Damián se rio. —Solo es un decir. No voy a obligarte a estar con él. Pero si lo miras desde otro ángulo, realmente es excepcional. Y que sepas que tiene muchas admiradoras.
Rosalinda frunció los labios. —¿Y qué? A mí no me gusta. No importa cuántas chicas gusten de él, no es asunto mío.
Tras una breve pausa, murmuró para sí: —Además, yo tampoco le gusto a él.
Su hermano sonrió pero no insistió. En cambio, cambió de tema. —Hay una invitación a una cena el sábado por la noche. Deberías hacer acto de presencia. Yo no iré.
—¿El sábado? Hoy es miércoles. De acuerdo, entendido.

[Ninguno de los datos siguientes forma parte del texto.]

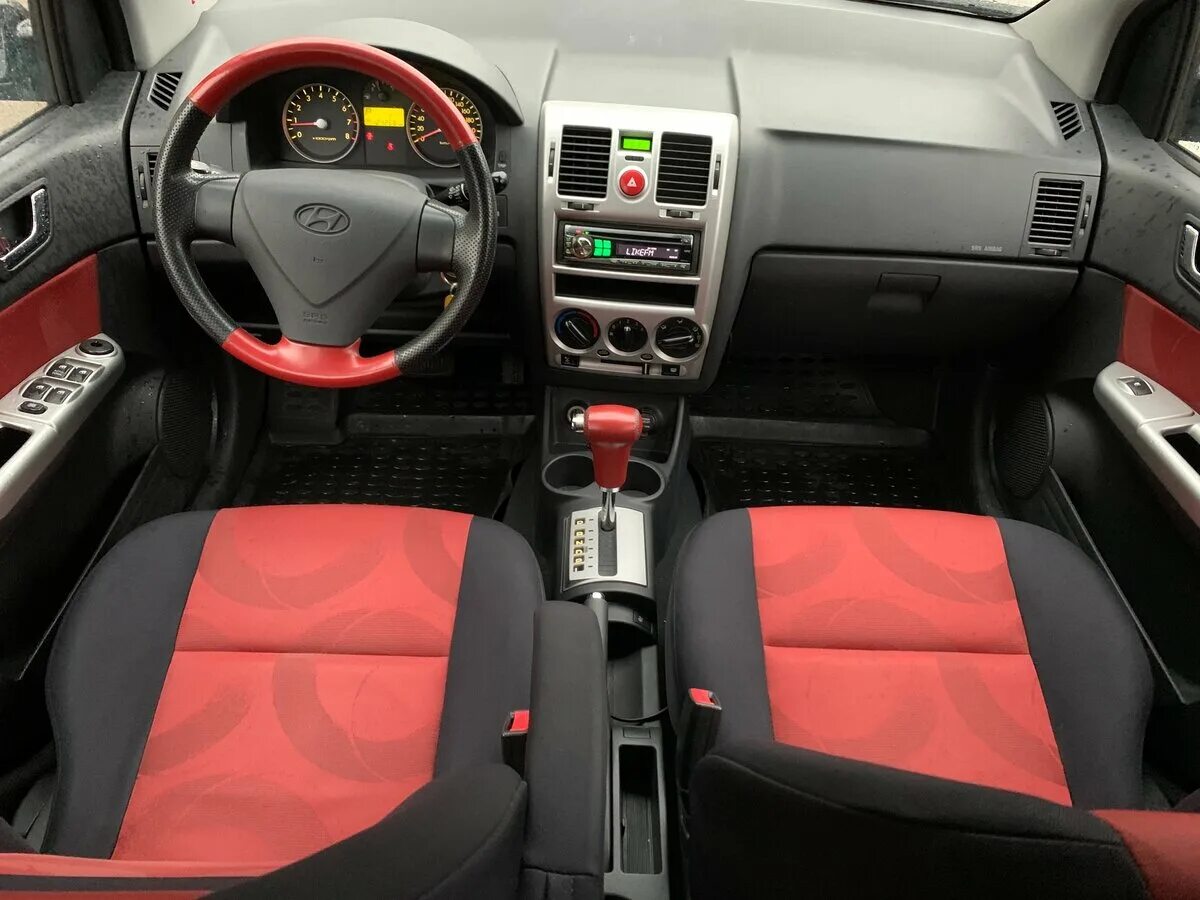 Getz тюнинг салона Купить б/у Hyundai Getz I Рестайлинг 1.4 AT (97 л.с.) бензин автомат в Москве: б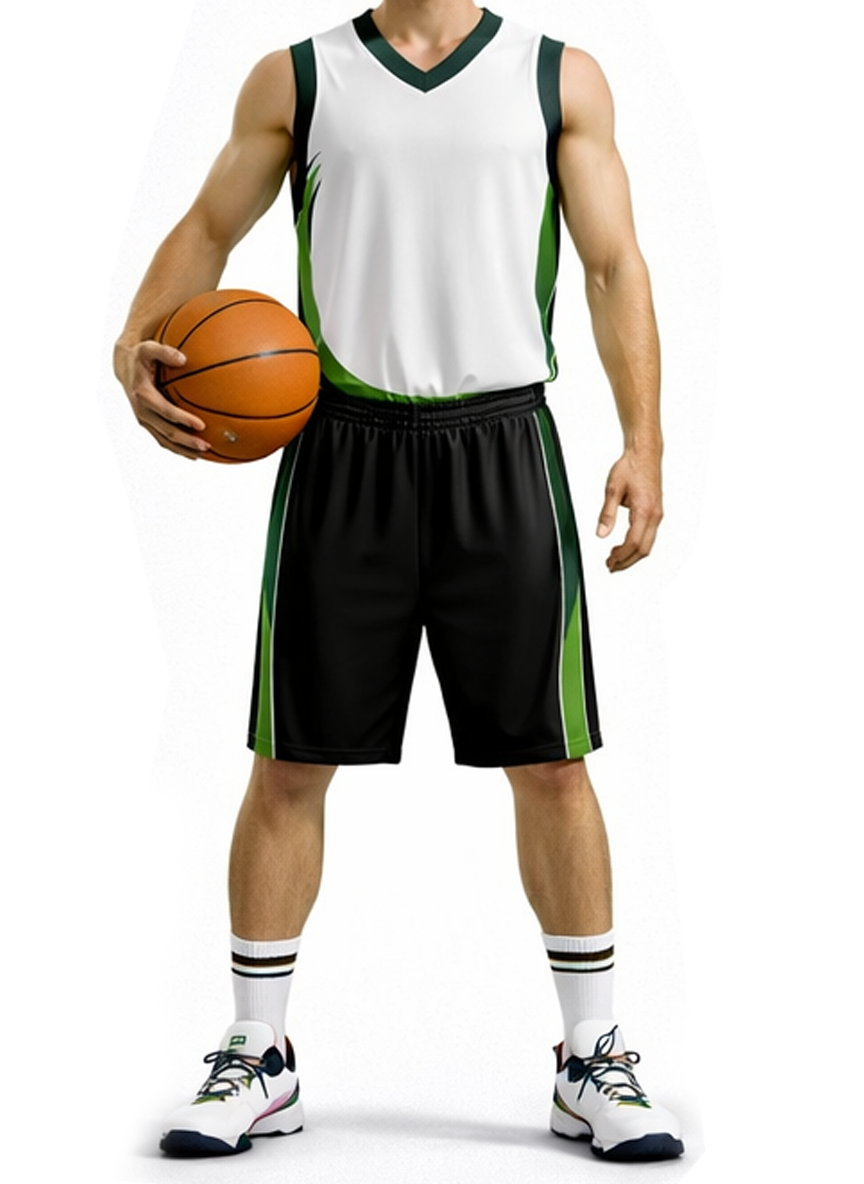 6 Custom Volleyball Uniform Set - Image 1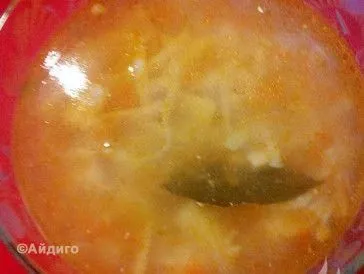 Куриный суп с домашней лапшой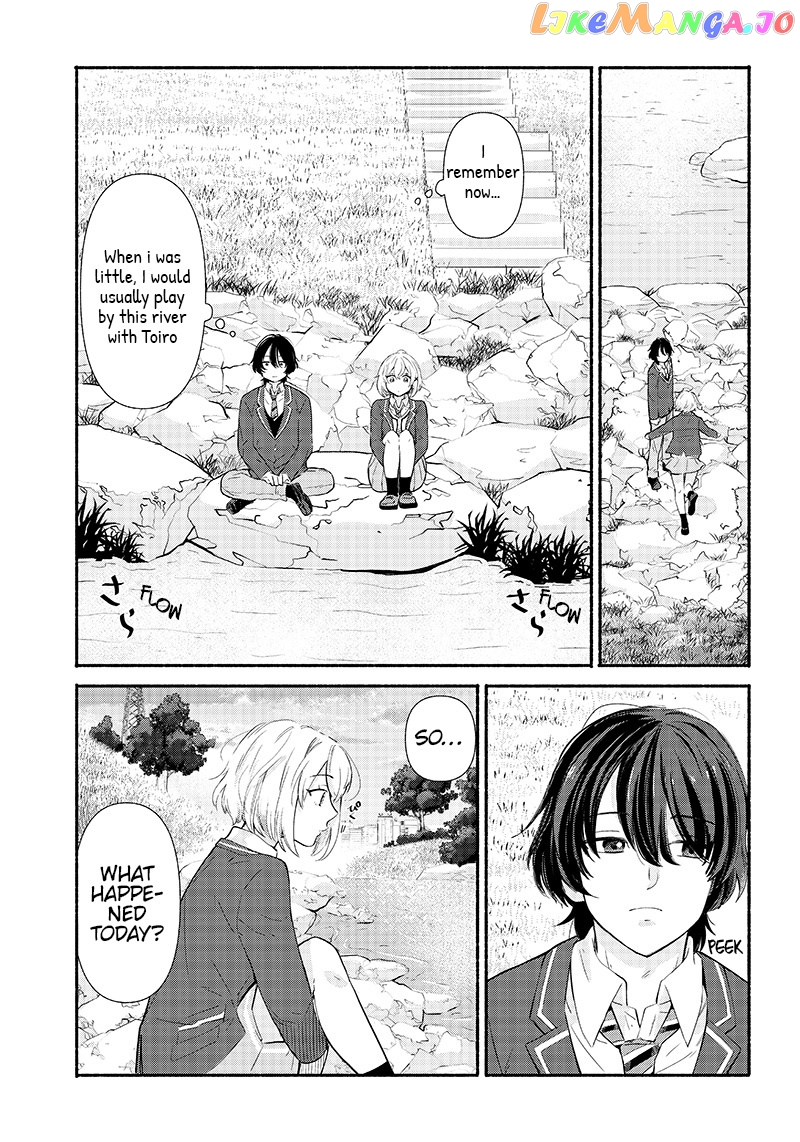Nee, Mou Isso Tsukiacchau Osananajimi No Bishoujo Ni Tanomarete, Camo Kareshi Hajimemashita chapter 1 - page 36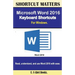 Microsoft Word 2016 Keyboard Shortcuts For Windows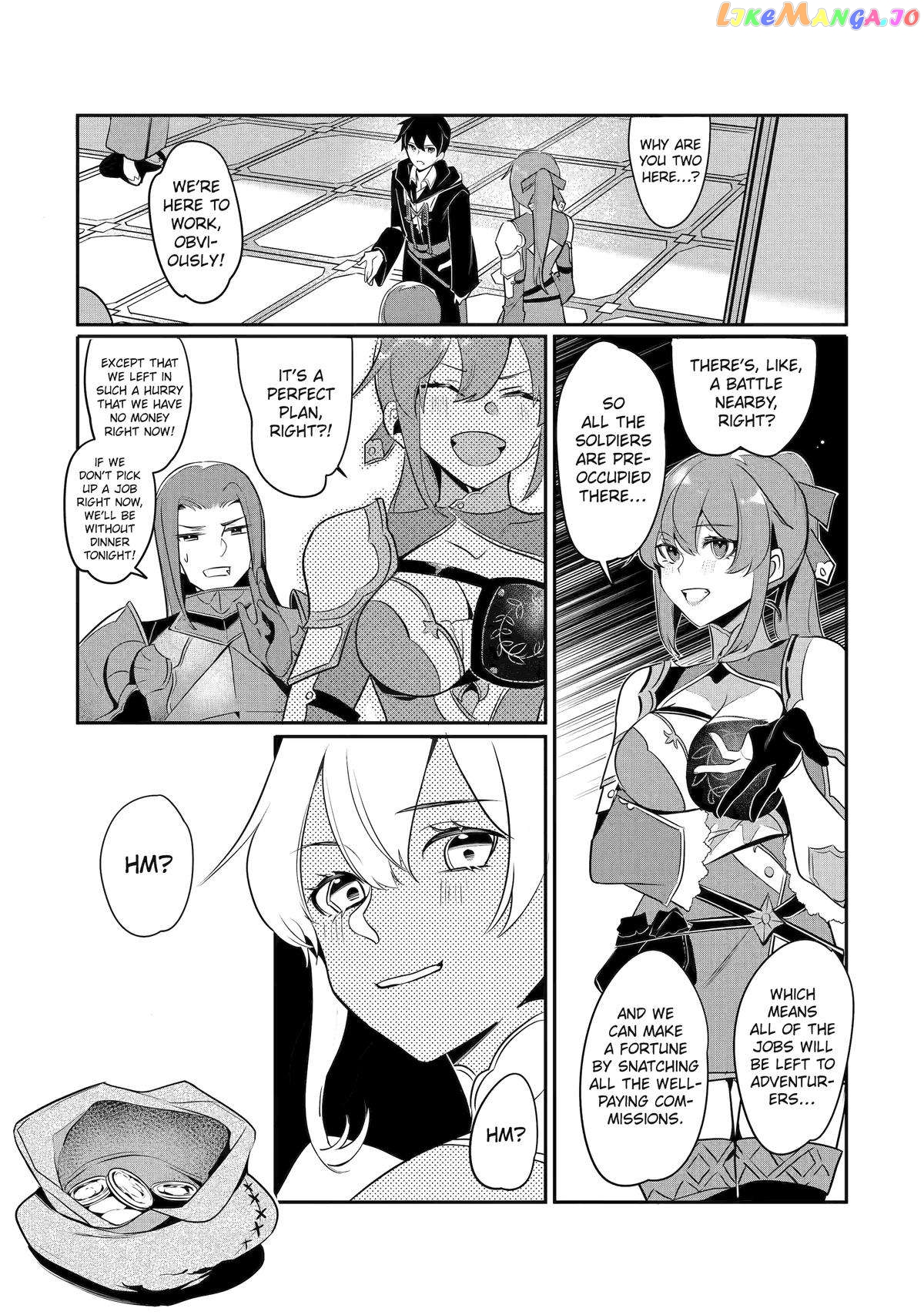 Emperor's Mark to Rule the Monsters: Reborn Sage to Strongest Adventurer chapter 28 - page 11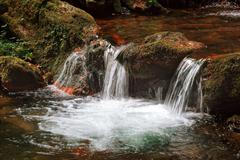 Jeseníky: Podzim v divoké soutěsce Bílé Opavy (Praděd - Karlova Studánka)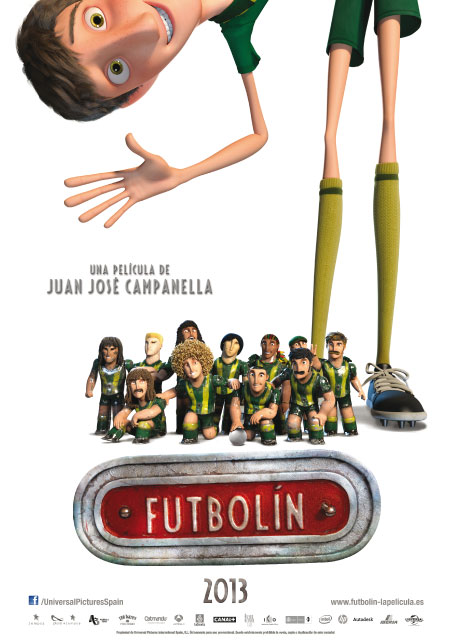 teaser poster de futbolín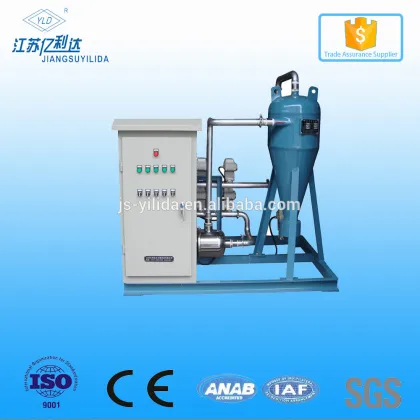 Stainless Steel Sand Separation Centifugal Cyclone Filter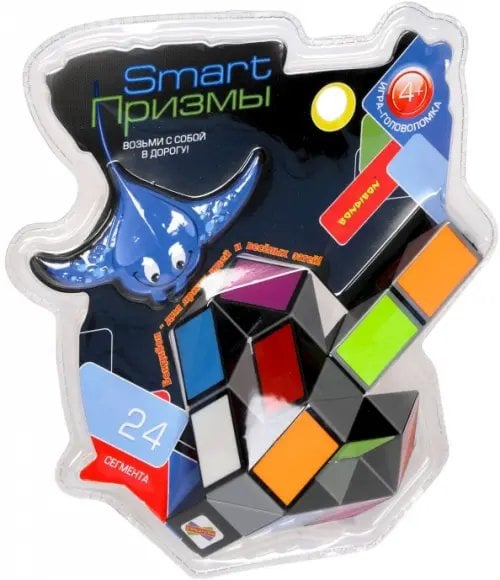 Игра-головоломка Smart Призмы, пёстрый скат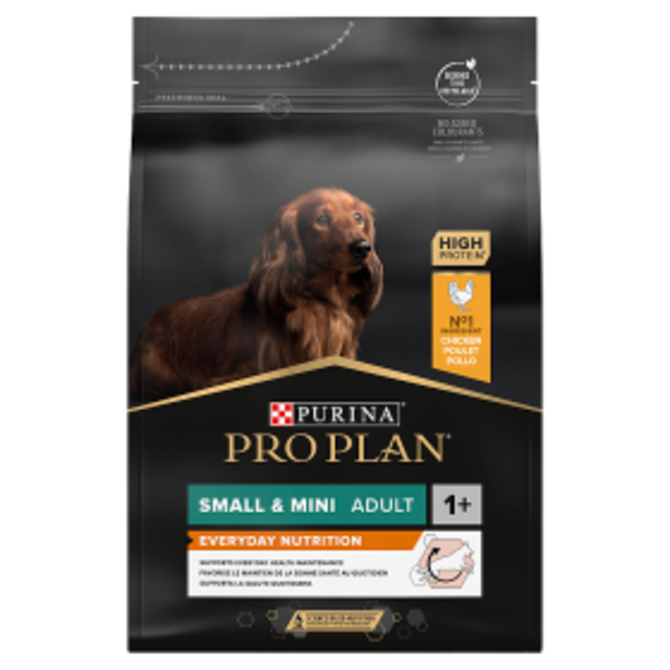 PRO PLAN SMALL & MINI ADULT EVERYDAY NUTRITION kuře 3kg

Rosalinda ya había asistido a innumerables eventos corporativos y tenía mucha experiencia. Incluso si le decían que asistiera en el último minuto, podía manejarlo a la perfección.
—Puede que Osiris también esté allí.
Su expresión se ensombreció al instante. —¿Quién organiza esto? ¿No saben que no nos llevamos bien? ¡O va él o voy yo. No podemos estar los dos!
No quería toparse con Osiris allí.
Cada vez que se cruzaban en eventos sociales, no solo chocaban ferozmente, sino que ver lo popular que era tanto con hombres como con mujeres siempre la había irritado.
—El señor Maristán de Nubia Solutions es el anfitrión. Las industrias en las que tiene negocios no se superponen con las nuestras, y es una figura importante en el mundo empresarial de Luminosa. Invitó tanto a Quantum Dynamics como a Trébol Corporativo.
Como no había nada en juego, al señor Maristán no le importó ofenderlos al invitarlos a ambos.